Bishop is a 7-month old trainee for Guide Dogs for the Blind.
Some classes at the University of Arizona are getting some unexpected visitors dressed in collars and vests. A club, Paws for the Cause, has students training puppies to be service dogs for people with disabilities. The student dog trainers take on this responsibility in addition to their busy college schedules.
Paws for the Cause is the local arm of a national organization called Guide Dogs for the Blind, which specializes in breeding, training and dispersing professional service dogs. From the time the dogs are 8 weeks old, they are partnered with their human participants in Paws for the Cause.
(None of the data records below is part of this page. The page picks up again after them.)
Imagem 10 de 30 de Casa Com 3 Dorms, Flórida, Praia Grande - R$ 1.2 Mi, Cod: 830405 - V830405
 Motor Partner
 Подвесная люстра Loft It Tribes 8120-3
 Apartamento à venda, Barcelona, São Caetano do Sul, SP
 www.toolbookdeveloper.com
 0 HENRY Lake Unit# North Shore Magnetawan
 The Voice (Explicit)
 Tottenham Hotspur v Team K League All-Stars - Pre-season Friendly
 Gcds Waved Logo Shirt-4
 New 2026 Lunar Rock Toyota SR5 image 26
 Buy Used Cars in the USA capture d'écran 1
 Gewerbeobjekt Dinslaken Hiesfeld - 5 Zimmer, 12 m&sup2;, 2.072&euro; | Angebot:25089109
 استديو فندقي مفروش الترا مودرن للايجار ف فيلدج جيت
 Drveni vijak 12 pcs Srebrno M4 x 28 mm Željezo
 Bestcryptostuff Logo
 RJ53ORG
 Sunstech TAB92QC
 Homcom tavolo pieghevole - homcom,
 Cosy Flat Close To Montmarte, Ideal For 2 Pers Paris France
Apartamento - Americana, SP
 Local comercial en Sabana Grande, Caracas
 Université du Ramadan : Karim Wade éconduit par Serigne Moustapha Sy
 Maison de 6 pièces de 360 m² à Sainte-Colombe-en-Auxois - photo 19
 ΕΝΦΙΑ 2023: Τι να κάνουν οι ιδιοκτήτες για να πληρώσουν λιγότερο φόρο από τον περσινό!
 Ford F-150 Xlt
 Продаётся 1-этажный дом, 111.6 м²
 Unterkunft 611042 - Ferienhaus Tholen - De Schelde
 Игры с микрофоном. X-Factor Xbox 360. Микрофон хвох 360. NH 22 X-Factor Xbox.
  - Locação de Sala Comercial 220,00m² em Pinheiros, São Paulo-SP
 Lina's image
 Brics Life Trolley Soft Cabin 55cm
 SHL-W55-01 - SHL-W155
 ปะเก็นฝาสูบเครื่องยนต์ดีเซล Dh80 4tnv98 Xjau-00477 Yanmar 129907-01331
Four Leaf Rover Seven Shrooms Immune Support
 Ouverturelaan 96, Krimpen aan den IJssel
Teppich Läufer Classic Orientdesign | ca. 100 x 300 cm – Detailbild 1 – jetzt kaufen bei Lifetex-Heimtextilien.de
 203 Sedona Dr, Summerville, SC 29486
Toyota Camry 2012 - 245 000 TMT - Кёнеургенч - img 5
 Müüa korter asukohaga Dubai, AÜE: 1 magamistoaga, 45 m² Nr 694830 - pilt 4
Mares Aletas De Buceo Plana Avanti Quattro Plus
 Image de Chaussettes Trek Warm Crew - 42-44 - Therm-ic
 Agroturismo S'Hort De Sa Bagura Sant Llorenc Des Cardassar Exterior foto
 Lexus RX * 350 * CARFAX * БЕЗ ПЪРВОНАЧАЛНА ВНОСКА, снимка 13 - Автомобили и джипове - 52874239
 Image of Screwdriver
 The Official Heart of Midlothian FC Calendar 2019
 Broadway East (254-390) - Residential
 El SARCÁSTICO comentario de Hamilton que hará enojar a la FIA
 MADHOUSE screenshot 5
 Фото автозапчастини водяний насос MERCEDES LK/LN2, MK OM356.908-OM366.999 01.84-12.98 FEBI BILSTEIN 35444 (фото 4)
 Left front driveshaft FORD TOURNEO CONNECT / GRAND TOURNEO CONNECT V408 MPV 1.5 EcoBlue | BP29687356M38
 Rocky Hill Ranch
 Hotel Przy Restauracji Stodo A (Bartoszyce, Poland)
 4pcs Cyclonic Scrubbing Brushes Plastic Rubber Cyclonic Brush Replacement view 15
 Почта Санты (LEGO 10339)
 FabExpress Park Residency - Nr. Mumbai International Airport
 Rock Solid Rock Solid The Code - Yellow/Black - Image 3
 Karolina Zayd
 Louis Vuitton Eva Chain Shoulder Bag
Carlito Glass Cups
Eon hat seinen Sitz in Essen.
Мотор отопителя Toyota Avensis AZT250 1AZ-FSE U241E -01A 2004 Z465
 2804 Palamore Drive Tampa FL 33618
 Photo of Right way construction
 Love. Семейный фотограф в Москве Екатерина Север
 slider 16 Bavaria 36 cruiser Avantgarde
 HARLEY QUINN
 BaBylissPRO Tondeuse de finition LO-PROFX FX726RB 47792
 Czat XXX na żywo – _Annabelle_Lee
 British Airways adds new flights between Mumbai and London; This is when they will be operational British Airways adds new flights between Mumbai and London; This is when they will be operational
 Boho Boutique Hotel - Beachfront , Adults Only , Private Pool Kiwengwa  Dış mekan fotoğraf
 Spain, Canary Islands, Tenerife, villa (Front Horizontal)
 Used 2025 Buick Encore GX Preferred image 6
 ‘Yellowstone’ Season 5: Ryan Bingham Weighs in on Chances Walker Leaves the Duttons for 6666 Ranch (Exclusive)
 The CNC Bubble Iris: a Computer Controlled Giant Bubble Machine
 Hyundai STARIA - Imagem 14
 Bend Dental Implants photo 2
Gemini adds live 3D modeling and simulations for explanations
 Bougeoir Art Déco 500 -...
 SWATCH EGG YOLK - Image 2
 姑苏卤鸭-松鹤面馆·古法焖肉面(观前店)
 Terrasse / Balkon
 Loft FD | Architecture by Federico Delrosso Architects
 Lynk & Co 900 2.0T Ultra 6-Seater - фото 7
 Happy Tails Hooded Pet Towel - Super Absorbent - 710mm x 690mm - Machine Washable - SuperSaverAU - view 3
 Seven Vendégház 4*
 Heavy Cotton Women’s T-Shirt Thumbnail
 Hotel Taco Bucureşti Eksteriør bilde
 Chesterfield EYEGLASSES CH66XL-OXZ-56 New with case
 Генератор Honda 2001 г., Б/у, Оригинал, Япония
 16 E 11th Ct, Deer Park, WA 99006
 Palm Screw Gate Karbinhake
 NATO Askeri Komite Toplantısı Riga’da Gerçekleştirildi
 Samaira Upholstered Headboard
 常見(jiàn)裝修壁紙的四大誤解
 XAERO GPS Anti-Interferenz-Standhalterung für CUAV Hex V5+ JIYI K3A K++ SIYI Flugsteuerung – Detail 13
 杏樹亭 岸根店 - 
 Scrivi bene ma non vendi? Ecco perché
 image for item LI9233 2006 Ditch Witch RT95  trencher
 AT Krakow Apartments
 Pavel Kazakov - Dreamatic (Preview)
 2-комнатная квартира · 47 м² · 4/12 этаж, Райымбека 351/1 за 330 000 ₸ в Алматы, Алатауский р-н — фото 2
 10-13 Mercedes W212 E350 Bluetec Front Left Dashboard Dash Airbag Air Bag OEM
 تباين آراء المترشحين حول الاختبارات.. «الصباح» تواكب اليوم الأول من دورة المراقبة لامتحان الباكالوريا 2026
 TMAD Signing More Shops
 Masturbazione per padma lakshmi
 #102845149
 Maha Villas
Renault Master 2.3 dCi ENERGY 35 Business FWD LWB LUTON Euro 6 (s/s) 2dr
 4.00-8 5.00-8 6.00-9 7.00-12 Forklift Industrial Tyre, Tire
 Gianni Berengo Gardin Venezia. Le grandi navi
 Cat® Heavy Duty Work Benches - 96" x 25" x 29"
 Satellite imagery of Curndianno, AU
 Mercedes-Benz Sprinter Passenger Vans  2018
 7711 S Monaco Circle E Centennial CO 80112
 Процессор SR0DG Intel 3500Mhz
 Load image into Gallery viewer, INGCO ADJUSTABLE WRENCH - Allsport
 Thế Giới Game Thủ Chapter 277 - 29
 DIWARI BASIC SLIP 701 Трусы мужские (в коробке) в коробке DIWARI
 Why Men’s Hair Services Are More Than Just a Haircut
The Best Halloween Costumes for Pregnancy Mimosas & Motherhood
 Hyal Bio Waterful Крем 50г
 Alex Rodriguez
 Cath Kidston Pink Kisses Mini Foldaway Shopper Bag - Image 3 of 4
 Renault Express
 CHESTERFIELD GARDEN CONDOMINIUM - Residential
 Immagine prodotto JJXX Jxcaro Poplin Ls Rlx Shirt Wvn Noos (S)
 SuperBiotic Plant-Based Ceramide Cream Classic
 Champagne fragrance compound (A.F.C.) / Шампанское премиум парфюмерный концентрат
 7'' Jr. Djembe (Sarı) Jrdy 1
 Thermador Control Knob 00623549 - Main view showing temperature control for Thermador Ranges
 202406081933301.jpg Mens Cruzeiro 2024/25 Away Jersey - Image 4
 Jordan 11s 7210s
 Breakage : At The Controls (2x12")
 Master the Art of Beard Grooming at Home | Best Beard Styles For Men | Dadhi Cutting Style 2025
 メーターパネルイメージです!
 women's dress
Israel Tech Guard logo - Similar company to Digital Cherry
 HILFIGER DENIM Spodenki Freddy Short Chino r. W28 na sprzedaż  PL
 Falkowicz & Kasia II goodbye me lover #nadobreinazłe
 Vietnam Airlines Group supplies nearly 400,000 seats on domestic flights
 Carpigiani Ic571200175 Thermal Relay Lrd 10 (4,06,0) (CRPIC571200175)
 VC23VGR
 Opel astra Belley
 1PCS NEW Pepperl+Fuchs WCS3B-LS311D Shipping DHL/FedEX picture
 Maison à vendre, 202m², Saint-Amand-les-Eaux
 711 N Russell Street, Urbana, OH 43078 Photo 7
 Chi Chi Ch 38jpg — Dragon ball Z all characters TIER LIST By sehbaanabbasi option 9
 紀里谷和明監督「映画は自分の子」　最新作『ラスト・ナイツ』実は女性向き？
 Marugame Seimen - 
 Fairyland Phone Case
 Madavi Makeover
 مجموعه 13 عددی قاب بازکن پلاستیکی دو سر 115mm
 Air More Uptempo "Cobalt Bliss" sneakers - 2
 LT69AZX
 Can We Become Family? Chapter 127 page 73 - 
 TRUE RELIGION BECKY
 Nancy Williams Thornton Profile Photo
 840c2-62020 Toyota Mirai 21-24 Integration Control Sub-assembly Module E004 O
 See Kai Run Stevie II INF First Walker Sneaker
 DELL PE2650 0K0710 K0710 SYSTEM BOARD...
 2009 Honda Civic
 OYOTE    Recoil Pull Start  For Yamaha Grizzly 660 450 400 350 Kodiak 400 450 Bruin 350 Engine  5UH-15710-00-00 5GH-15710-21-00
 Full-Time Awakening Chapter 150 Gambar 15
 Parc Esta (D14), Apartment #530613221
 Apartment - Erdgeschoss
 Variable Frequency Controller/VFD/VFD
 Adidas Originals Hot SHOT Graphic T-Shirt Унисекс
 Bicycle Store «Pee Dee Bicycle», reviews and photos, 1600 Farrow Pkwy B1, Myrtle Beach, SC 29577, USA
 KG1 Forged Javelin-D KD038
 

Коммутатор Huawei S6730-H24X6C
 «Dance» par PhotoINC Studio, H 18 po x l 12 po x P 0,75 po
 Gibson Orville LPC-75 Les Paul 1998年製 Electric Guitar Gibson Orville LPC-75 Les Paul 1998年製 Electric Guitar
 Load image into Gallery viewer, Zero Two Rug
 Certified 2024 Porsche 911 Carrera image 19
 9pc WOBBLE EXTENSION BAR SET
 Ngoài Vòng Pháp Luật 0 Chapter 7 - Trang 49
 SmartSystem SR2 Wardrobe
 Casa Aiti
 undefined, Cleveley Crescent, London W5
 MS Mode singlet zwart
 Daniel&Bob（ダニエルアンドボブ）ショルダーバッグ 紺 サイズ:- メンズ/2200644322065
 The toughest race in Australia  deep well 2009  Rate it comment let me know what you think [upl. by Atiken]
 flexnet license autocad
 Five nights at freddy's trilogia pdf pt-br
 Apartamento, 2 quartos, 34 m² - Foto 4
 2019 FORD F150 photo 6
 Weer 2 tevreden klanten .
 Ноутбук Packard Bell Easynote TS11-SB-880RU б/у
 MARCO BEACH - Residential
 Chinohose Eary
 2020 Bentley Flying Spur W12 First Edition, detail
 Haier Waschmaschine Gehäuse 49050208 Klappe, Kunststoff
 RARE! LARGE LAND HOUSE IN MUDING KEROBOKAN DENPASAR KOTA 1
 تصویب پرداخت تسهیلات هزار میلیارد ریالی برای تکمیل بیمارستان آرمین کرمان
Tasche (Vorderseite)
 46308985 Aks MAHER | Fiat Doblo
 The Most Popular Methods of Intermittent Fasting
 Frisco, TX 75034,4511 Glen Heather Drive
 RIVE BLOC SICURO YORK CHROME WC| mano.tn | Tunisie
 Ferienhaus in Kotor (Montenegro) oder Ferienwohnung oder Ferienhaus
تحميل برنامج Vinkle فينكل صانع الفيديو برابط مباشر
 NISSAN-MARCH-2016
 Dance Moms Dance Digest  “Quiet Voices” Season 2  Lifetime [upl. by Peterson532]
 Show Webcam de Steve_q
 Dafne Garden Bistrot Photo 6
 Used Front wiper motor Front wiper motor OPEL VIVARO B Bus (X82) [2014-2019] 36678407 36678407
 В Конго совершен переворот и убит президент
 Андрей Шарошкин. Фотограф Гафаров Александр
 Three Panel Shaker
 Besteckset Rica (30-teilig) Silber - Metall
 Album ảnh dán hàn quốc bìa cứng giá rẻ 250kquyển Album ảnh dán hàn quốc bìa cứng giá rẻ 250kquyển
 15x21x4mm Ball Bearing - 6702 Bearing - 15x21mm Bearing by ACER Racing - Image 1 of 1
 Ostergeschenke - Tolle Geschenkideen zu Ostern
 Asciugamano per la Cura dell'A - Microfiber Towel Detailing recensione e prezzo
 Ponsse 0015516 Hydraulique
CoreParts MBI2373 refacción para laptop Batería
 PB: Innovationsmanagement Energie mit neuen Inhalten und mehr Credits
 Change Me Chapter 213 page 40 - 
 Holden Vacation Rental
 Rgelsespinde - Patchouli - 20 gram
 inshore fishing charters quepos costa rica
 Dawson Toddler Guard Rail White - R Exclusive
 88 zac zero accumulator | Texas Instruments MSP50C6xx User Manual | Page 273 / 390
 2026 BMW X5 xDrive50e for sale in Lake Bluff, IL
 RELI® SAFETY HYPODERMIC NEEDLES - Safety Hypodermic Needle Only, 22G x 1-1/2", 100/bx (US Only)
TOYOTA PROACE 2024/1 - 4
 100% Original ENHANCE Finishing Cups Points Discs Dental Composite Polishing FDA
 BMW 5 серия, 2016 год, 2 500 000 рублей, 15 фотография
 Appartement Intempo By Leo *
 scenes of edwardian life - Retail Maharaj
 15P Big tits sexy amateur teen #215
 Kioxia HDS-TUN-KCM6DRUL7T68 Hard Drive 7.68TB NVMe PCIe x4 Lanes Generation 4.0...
The pair then spends an entire year getting the dog ready to help a visually impaired individual mobilize better.
Pricilla Laro, a veterinary science major at the University of Arizona, is referred to as a puppy-raiser within the club, and she can be spotted on campus walking her 7 month-old trainee, Bishop. The two are practically inseparable throughout the day as Laro is required to take Bishop with her to almost any place she would normally visit on campus.
“Its gets him used to human interactions and different kinds of environments as well,” Laro said.
The puppy raisers of Paws for the Cause like to challenge the senses of their trainees, by coordinating a club field-trips to places like the county fair, where the dogs are exposed to all sorts of distracting sounds and smells. The training process for the dogs is tracked through a series of evaluations to assess whether the dog and trainer have put in the appropriate amount of time and effort.
“It’s a really big commitment,” Laro said, “the process is very long, and so it’s not something to go into rather lightly.”
Paws for the Cause is open for anyone to join. The club gets together on a weekly basis every Sunday afternoon, with their dogs in tow of course.